- [Exercise objective]: Below are records with pictures in them. Transcribe everything from the line containing "Pull ras du" down to the line containing "Durable Clickfold - 10", exactly, and leave the pictures behind.

- [Record extracts]:
□ □ □ □ □
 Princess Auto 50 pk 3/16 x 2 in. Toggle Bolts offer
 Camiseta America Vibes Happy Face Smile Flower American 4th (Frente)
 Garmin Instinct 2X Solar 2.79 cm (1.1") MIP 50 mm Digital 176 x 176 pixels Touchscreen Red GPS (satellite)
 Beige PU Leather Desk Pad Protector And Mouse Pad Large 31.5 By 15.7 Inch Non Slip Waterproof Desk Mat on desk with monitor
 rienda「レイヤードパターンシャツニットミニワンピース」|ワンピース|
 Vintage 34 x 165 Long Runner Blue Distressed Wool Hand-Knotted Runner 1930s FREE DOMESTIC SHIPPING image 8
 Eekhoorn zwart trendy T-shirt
□ □ □ □ □
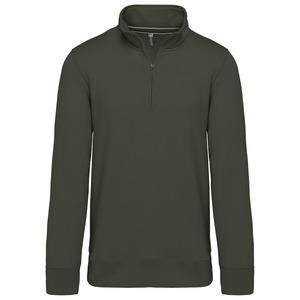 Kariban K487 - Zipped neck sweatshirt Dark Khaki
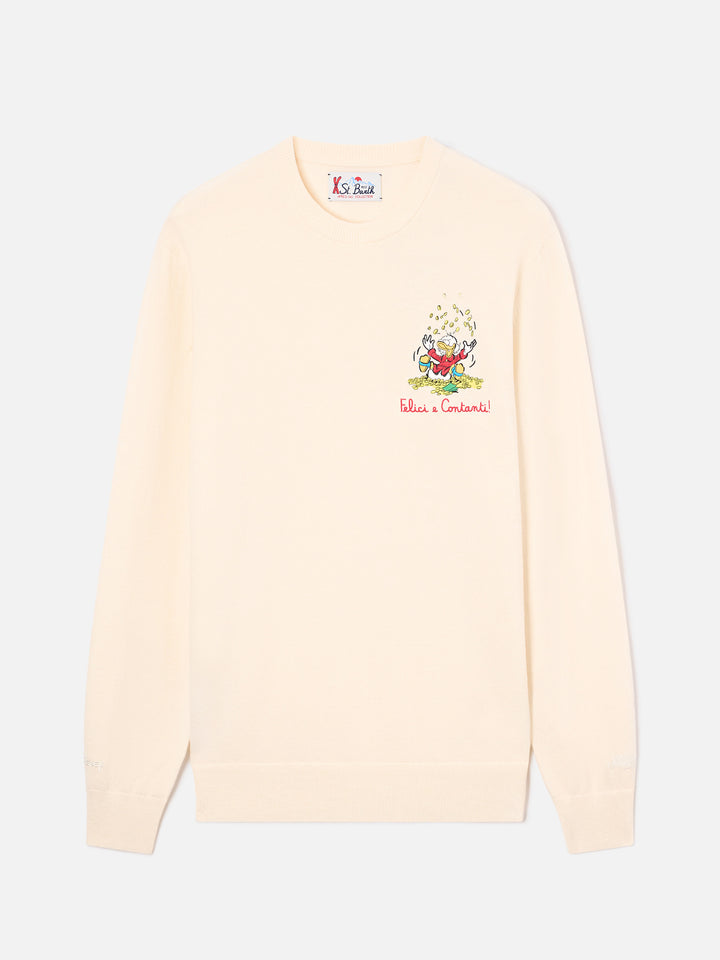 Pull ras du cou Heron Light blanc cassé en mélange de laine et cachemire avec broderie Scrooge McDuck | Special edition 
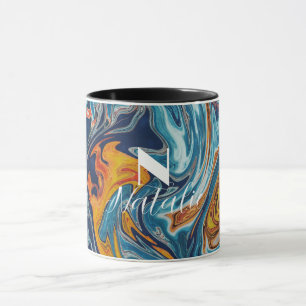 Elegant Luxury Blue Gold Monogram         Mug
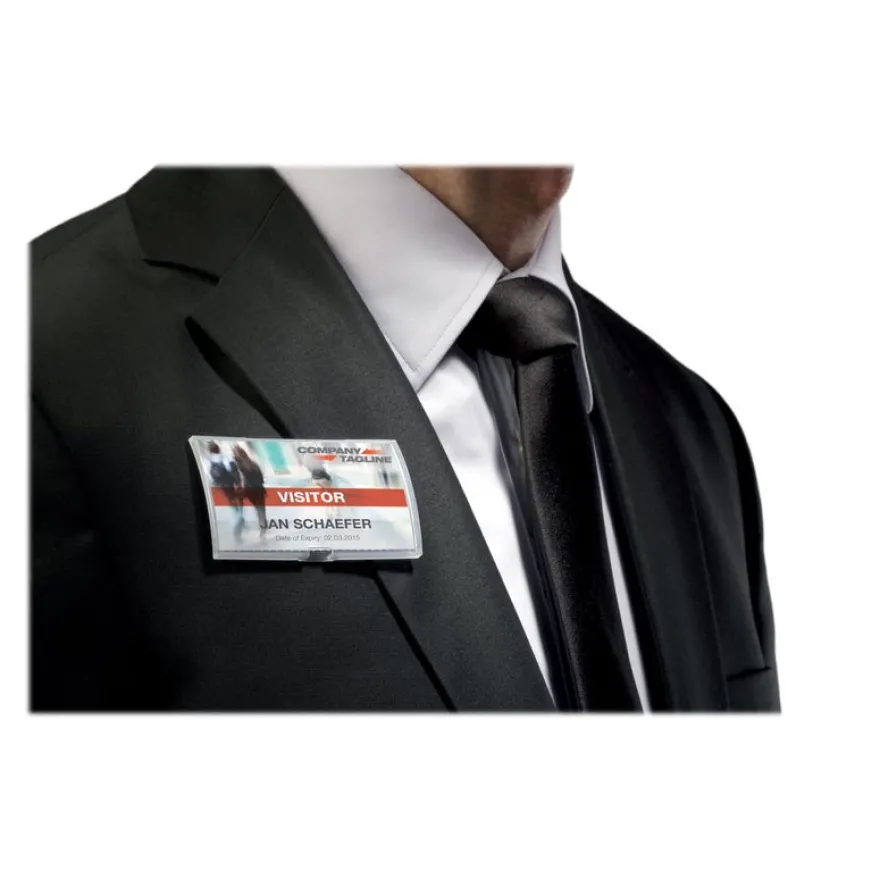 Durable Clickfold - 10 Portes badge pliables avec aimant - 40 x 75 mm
□ □ □ □ □
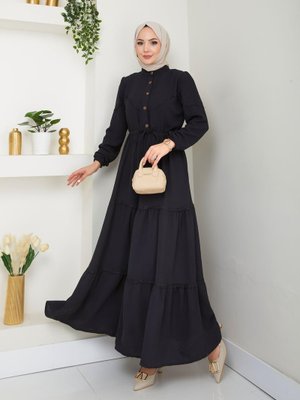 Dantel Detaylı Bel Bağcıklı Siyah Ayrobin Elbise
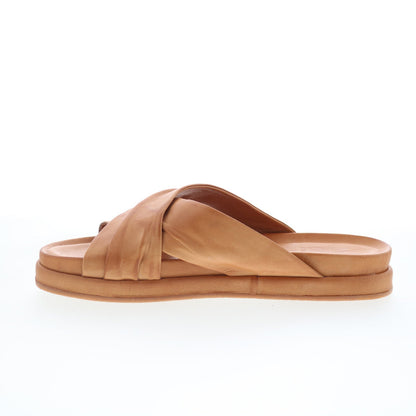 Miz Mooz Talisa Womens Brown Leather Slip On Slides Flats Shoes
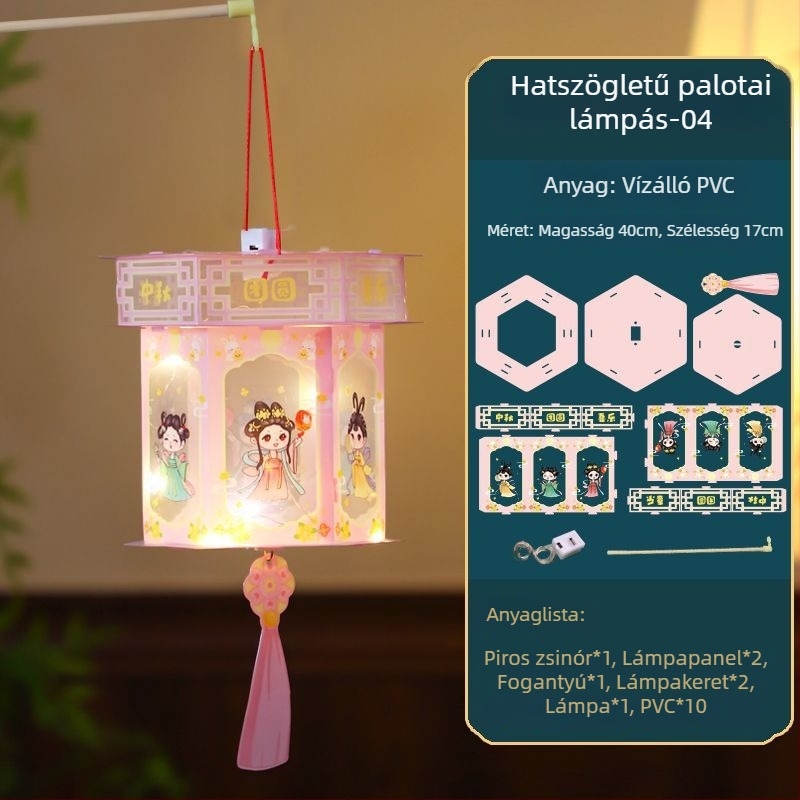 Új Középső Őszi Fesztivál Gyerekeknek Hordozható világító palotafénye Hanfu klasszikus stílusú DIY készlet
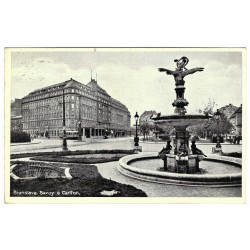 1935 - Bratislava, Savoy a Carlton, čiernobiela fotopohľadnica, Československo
□ □ □ □ □
- [Result]:
 Pull ras du cou Heron Light blanc cassé en mélange de laine et cachemire avec broderie Scrooge McDuck | Special edition 
 Elegant Luxury Blue Gold Monogram         Mug
 Durable Clickfold - 10 Portes badge pliables avec aimant - 40 x 75 mm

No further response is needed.